Over the years, I’ve blogged quite a bit about travel. Before we were parents, Al and I were pretty big travelers. Al has been to 100 countries (!!!) and we’ve done quite a bit of international travel together, including extended stints in South Africa and the U.K. But since having Lucia, our travel has pretty much come to a grinding halt. I did take Lucia to California to visit my family when she was ten weeks old, but traveling with a tiny newborn is a far cry from bundling a wriggly, restless toddler onto a plane. Tiny babies are adaptable little lumps who can sleep anywhere. Toddlers, on the other hand, are whirlwinds of activity and opinions and demands, who don’t deal particularly well with sitting in one place for extended periods of time.

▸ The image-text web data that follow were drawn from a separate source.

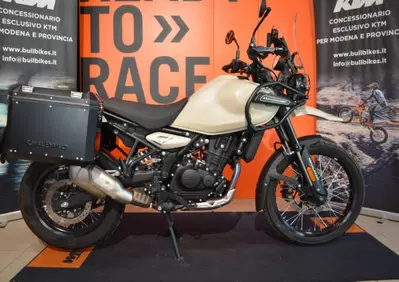 Royal Enfield Himalayan 450 (2024 - 26) - Annuncio 10085967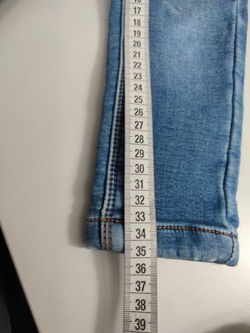 Джинсы Acoola теплые на 3 года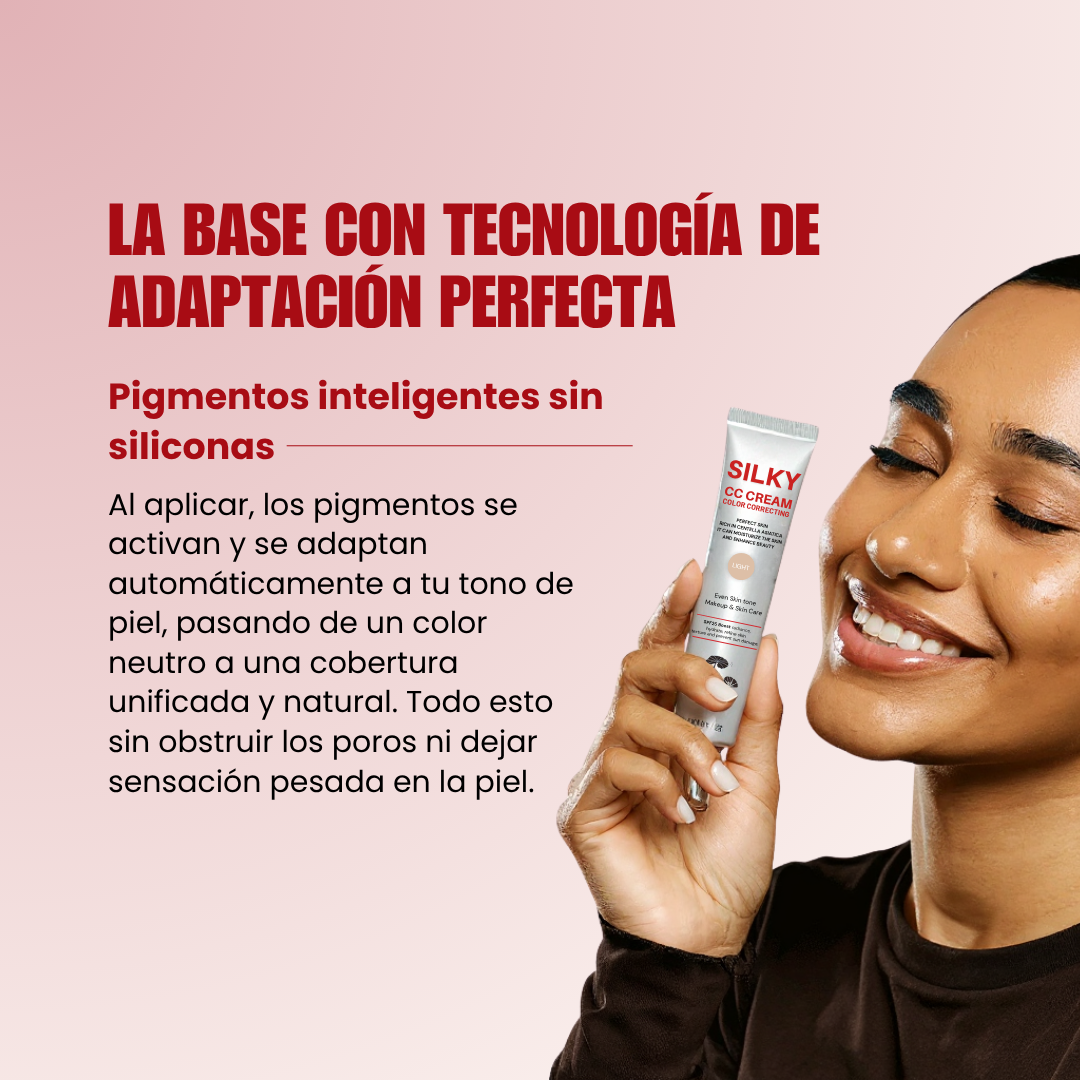 Aura Glow™ | La luz de tu piel, tu tono perfecto (OFERTA DE 2X1)✨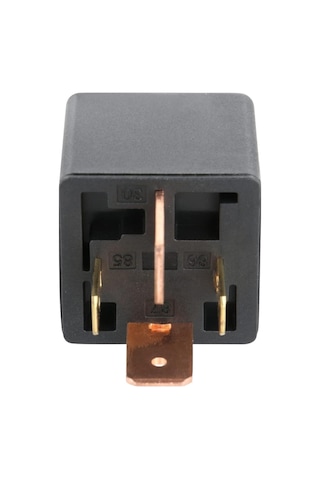 Bosch Güç Rölesi 12v 70ah 4 Uclu 0986ah0082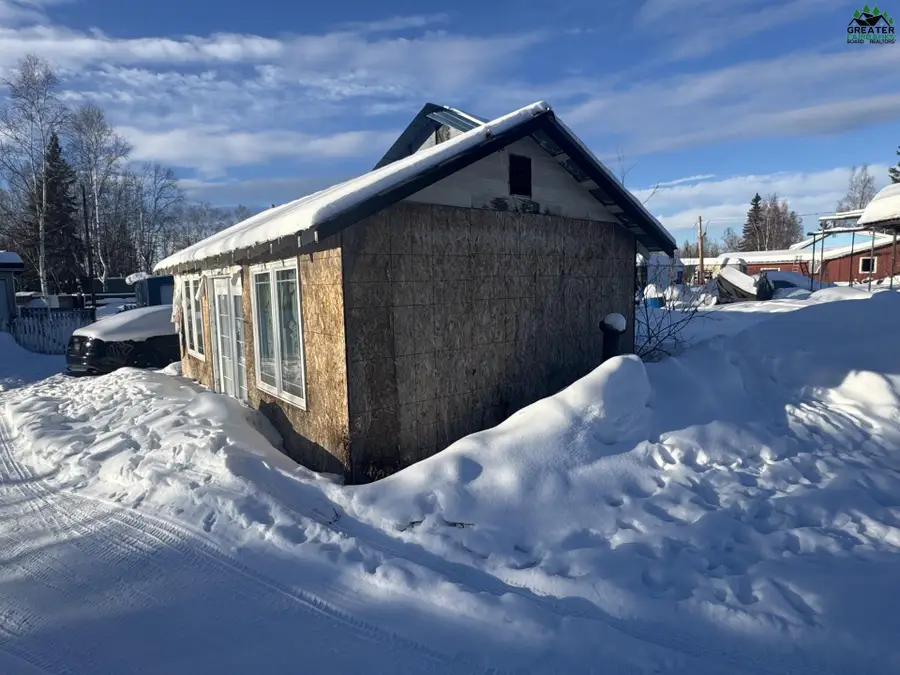 1357 LESLIE STREET, North Pole, AK 99705 - #2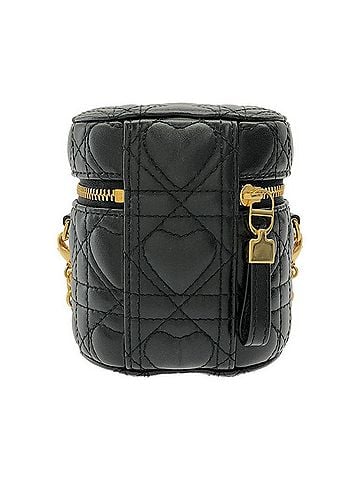 Christian Dior Christian Dior DIORAMOUR Caro S5191UNIQ Shoulder Bag (view 2)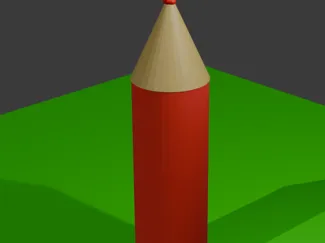Crayon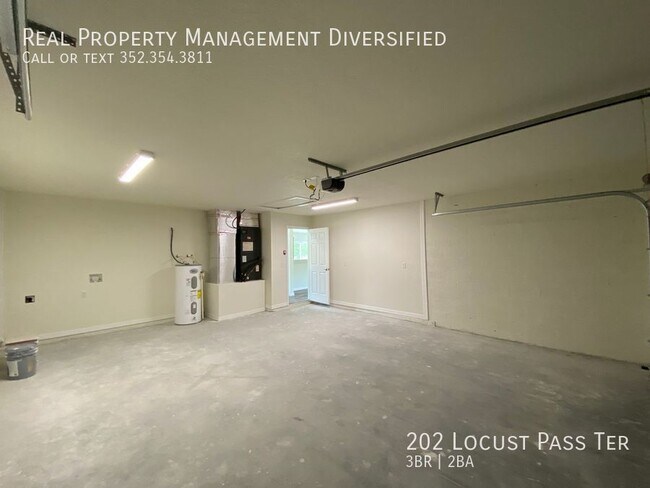 Building Photo - 202 Locust Pass Terrace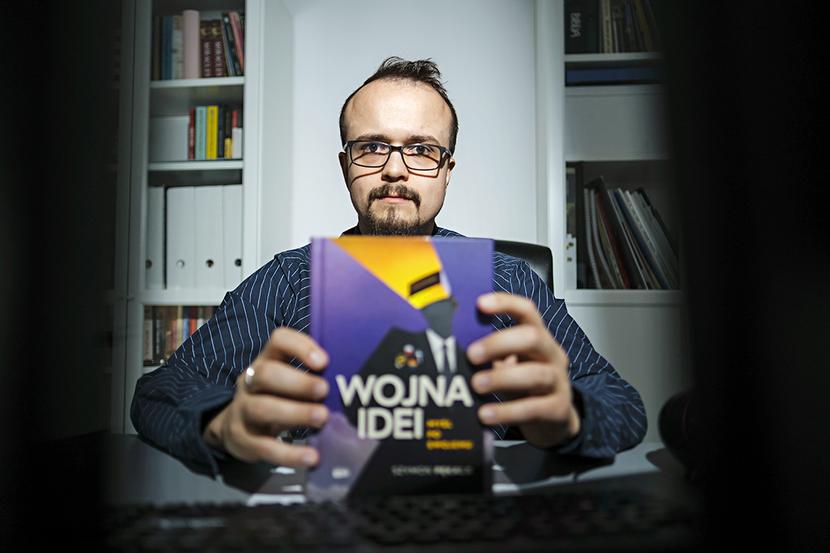Przeciw zacietrzewieniu: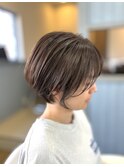髪質改善/小顔カット/くびれヘアー/ショート/レイヤー/縮毛矯正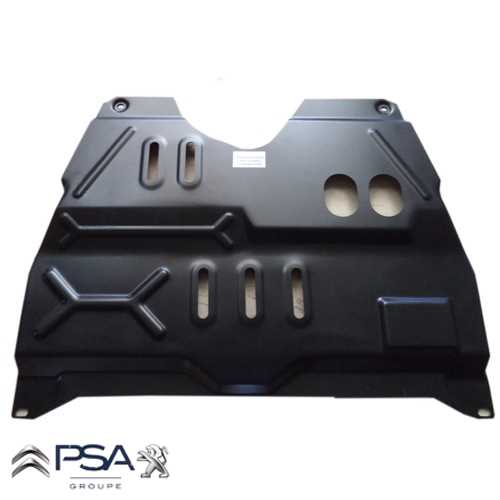 KARTEL MUHAFAZA SAÇ  1.4 HDI NEMO/BIPPER  Ürün Görseli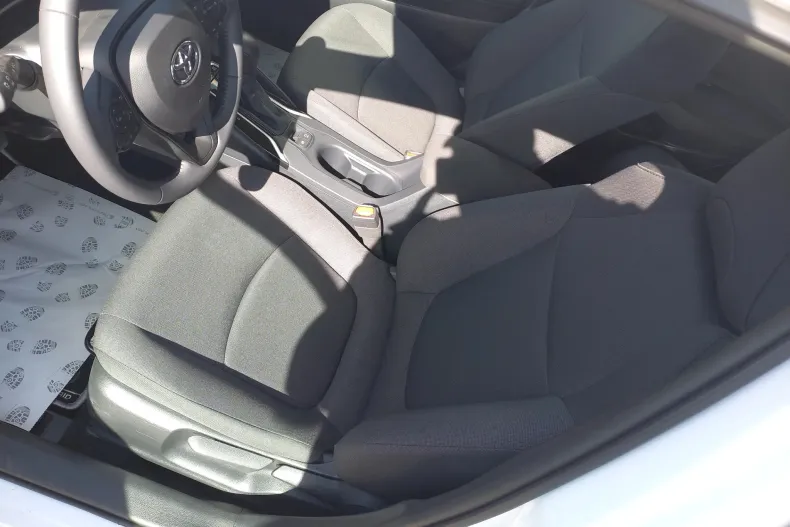 Toyota Corolla din 2025 cu 8.095 km - oferta TOY209006 - foto 14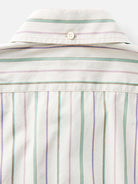 Jack in Algiers Stripe Taylor Stitch Shirts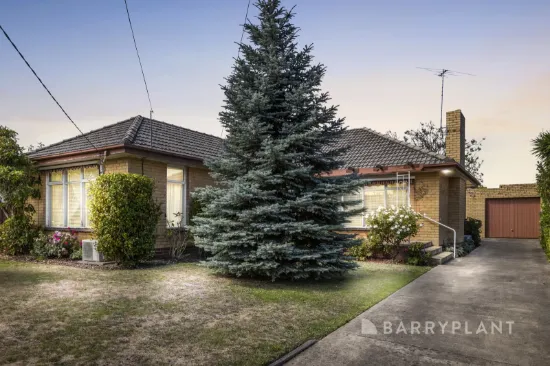 2 Vincent Street, Mulgrave, Vic 3170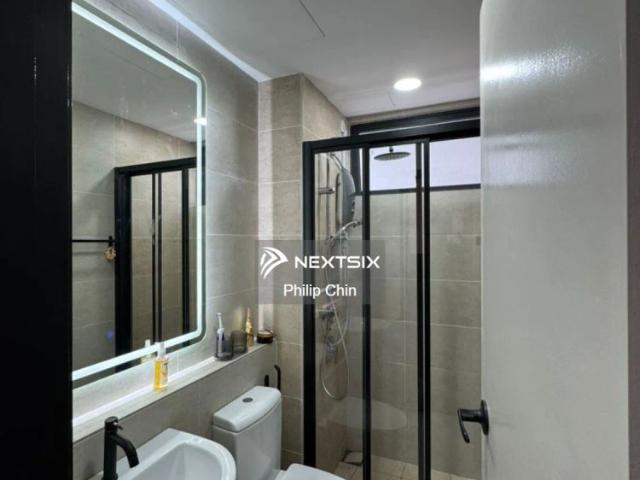 Apartment for rent in Seksyen U13, Shah Alam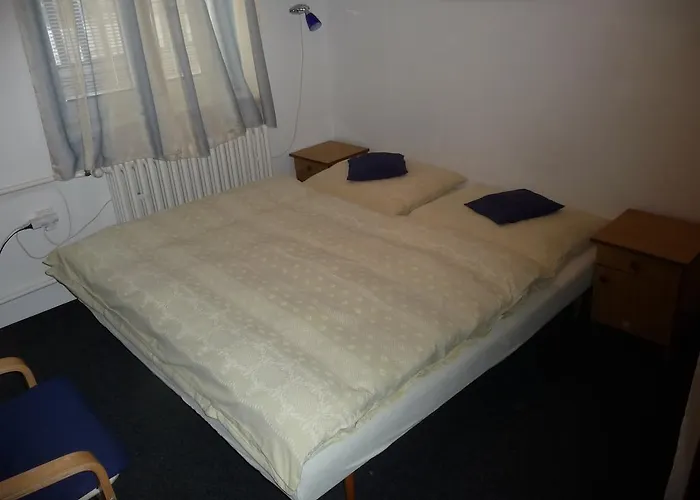 게스트하우스 펜지온 자보드스키 3*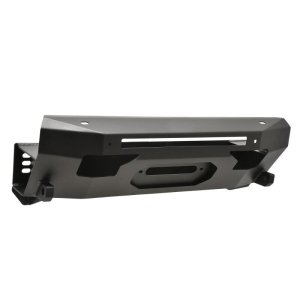 Toyota 4Runner Bumper - Front - Westin - Pro-Series - Textured Black - `14-`22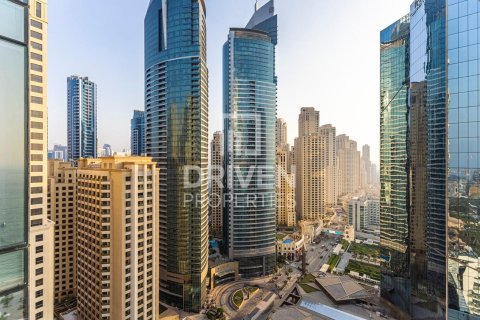 Appartement à Jumeirah Beach Residence, Dubai, 2 chambres, 171.22 m², № 127604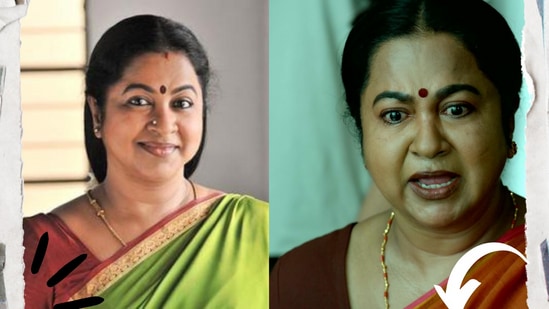 Raadhika: “நீங்க நடிக்காத ஆபாச காட்சிகளா ராதிகா..? அதெல்லாம் அப்ப பச்ச ஆபாசம்! - ராதிகாவை வெளுத்த பிரபலம்!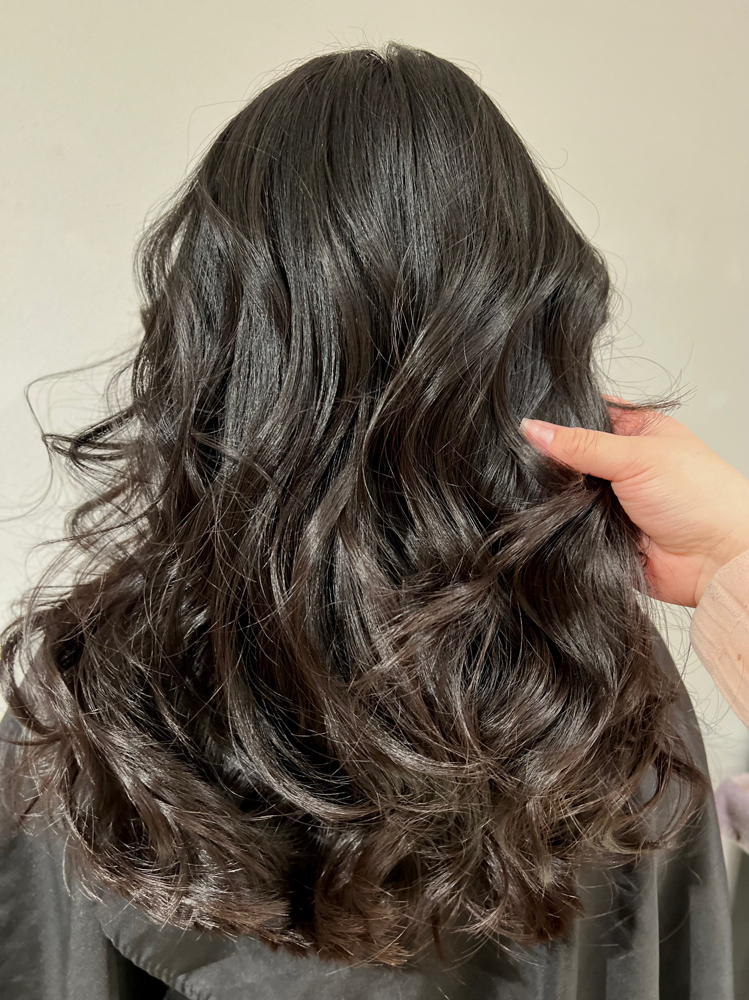 Haircut/Trim at Styledbykiara in Snohomish, WA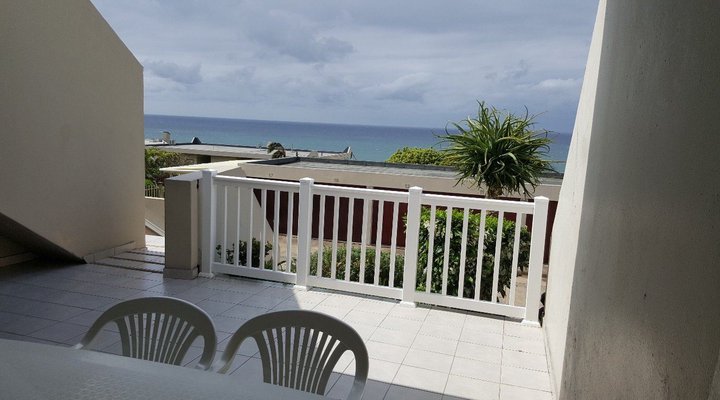 Playa Del Mar 3 - Manaba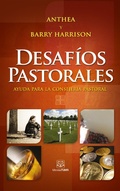 Cover: Desaf&iacute;os pastorales - Ediciones PUMA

For many parents, myself included, the idea of packing up one’s toddler and all of her attendant things (travel crib, travel bath, travel stroller, car seat, toys, books, spoon, sippy cup, snacks, etc., etc., etc.) and flying anywhere — let alone overseas — is enough to induce heart palpitations. But Al and I decided to go for it, anyway, our cardiac health be damned. We just got back from an almost three week trip to the United Kingdom to visit Al’s family, and it went… surprisingly well? I’m still kind of shocked we all survived without at least one of us being institutionalized/arrested, but we did!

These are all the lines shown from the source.